* DIRECTIONS FOR THIS TASK
Copy word for word the lines of the records below, beginning at the one with "a kitchen with" and finishing at the one with "Used 2021 Toyota", ends included, but none of the pictures.

===== TASK INPUTS =====

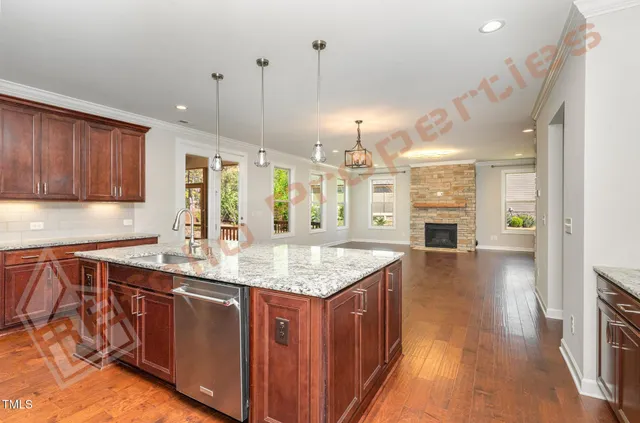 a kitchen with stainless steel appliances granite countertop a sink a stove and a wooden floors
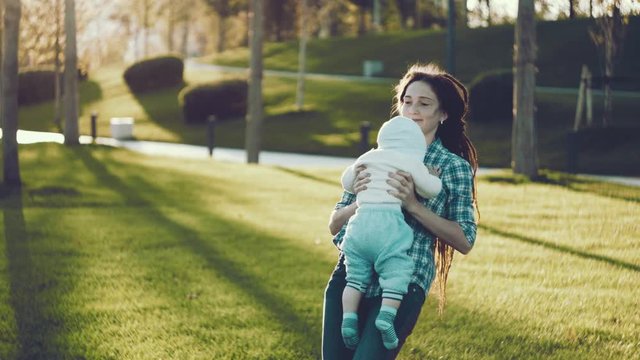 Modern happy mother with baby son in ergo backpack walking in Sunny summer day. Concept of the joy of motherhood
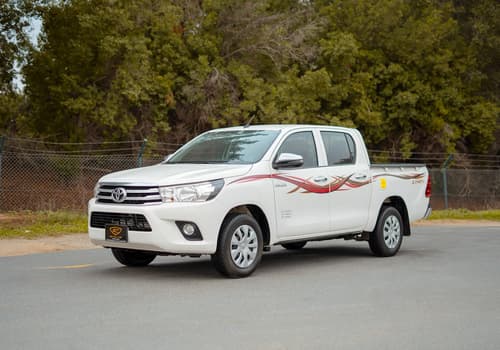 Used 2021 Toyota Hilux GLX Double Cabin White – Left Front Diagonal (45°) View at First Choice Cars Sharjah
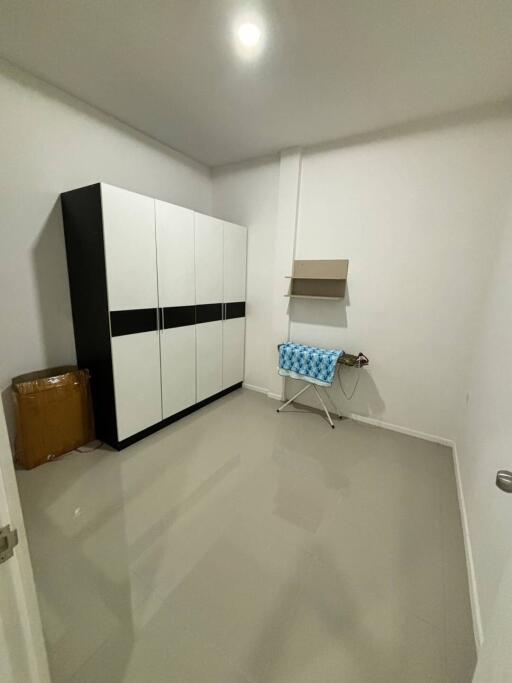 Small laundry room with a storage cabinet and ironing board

=====
===== TASK INPUTS =====

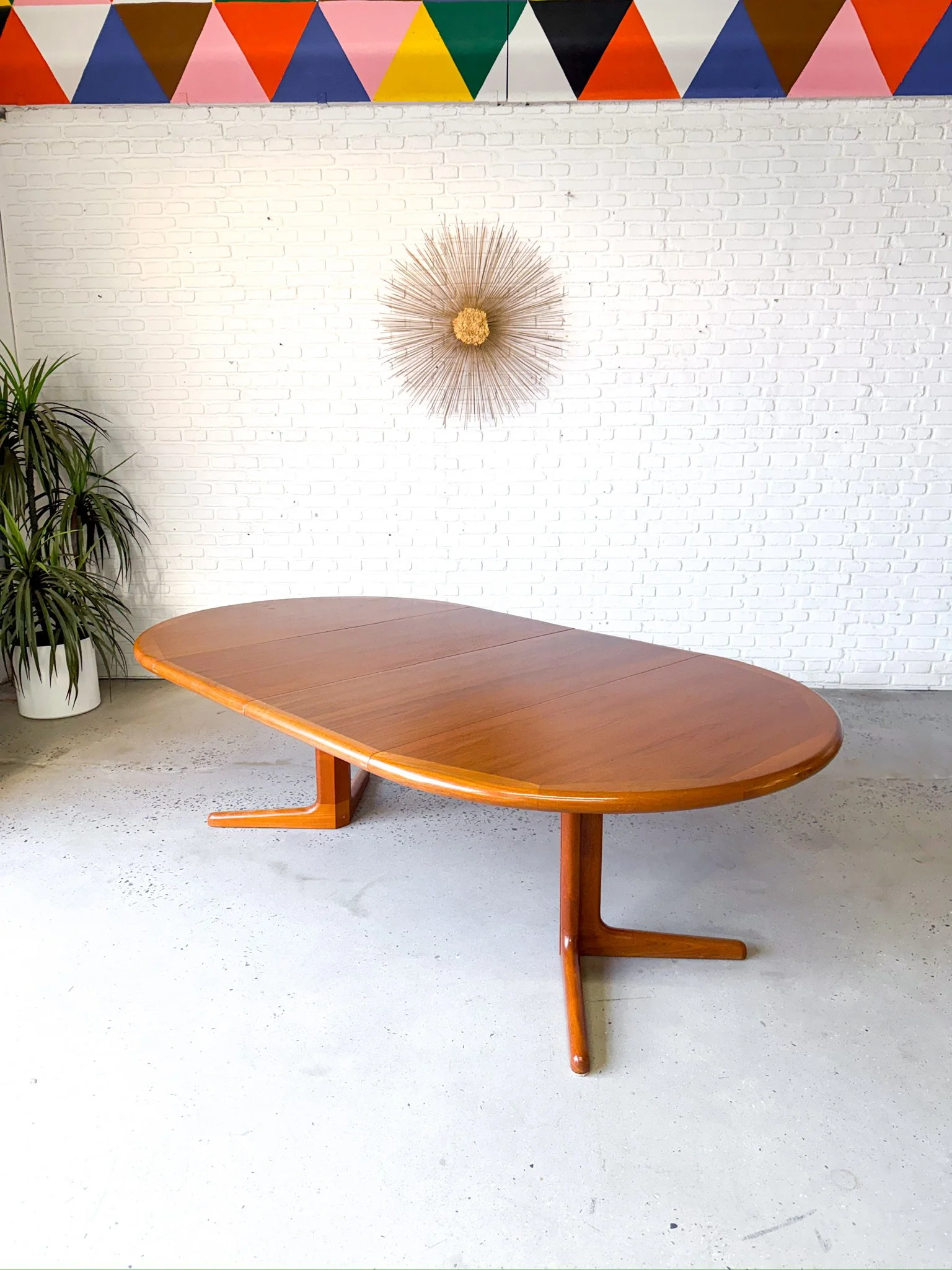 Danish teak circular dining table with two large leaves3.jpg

=====
===== TASK INPUTS =====

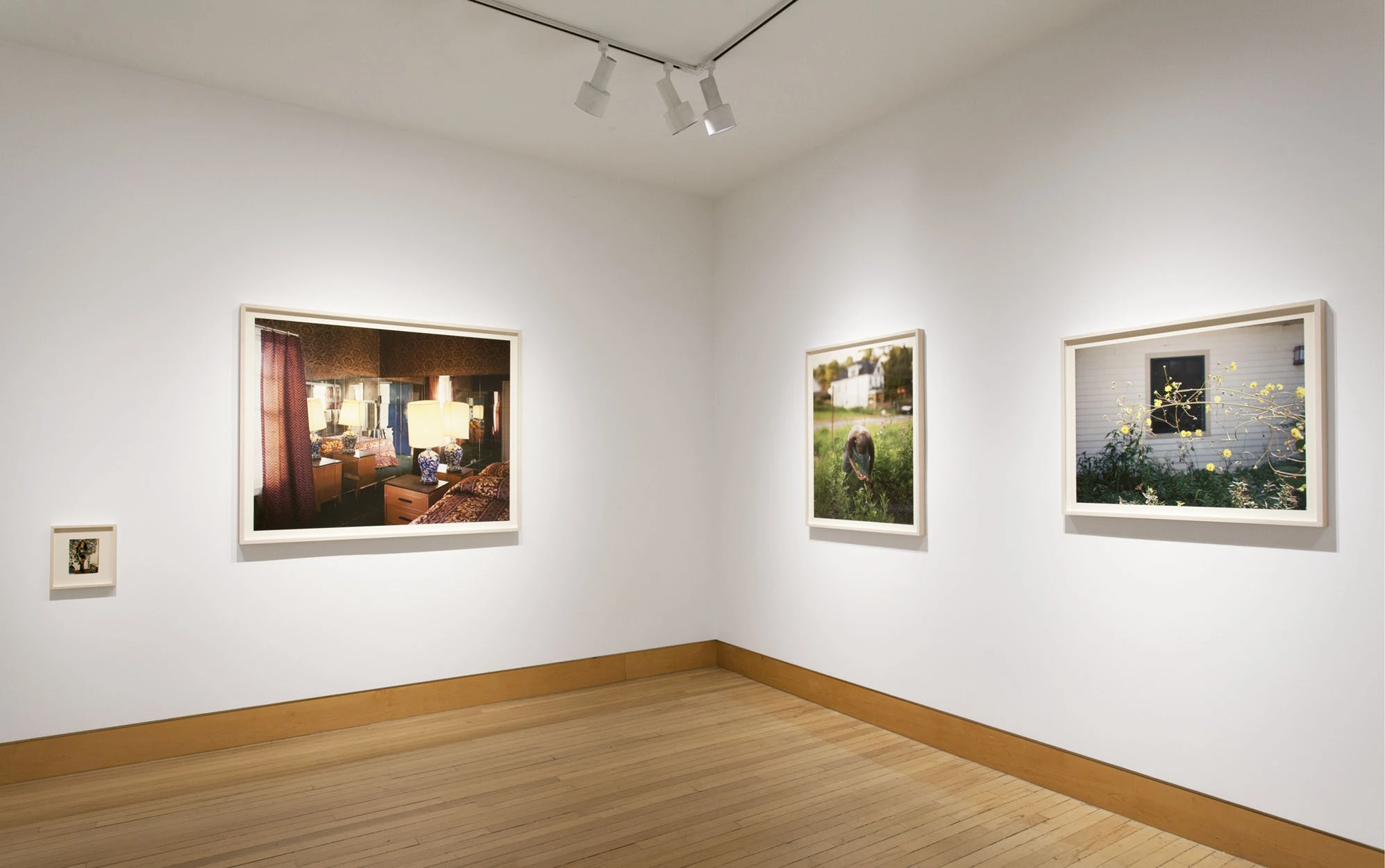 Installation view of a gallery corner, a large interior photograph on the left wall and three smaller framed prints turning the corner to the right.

=====

* OUTPUT FOR THIS EXERCISE
 a kitchen with stainless steel appliances granite countertop a sink a stove and a wooden floors
 Modern happy mother with baby son in ergo backpack walking in Sunny summer day. Concept of the joy of motherhood
 Used 2021 Toyota Hilux GLX Double Cabin White – Left Front Diagonal (45°) View at First Choice Cars Sharjah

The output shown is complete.